Task requirements: What lines in the records include the string "Double"? Return each one.

[Material for this task Boundary: Start]

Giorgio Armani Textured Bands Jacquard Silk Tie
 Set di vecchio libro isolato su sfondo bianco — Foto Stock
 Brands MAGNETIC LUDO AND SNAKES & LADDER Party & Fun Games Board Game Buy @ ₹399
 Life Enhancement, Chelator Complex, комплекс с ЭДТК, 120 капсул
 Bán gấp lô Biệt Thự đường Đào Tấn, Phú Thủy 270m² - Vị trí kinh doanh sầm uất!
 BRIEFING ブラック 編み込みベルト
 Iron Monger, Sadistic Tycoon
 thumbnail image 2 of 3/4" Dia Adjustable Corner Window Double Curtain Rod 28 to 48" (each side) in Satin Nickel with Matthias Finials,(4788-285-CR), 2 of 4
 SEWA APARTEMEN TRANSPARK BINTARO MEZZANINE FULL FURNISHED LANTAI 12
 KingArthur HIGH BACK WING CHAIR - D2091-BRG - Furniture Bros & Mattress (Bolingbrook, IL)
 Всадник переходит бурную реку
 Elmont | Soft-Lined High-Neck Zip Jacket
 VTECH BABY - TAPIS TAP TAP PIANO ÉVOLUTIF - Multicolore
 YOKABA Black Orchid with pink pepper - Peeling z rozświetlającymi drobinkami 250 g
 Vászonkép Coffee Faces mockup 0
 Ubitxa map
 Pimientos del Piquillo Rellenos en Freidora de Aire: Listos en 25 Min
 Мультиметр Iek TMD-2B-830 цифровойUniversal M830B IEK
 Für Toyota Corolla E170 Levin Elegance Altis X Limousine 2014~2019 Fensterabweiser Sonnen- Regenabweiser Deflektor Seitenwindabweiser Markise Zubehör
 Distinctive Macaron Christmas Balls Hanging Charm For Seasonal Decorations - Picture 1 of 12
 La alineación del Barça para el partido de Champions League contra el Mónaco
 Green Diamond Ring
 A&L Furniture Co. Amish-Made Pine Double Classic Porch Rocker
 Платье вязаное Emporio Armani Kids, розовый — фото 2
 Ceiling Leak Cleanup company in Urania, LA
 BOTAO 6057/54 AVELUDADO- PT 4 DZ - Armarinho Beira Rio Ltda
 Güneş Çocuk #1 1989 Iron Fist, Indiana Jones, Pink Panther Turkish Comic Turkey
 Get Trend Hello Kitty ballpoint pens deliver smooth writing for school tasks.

[Material for this task Boundary: End]

Written response:
 thumbnail image 2 of 3/4" Dia Adjustable Corner Window Double Curtain Rod 28 to 48" (each side) in Satin Nickel with Matthias Finials,(4788-285-CR), 2 of 4
 A&L Furniture Co. Amish-Made Pine Double Classic Porch Rocker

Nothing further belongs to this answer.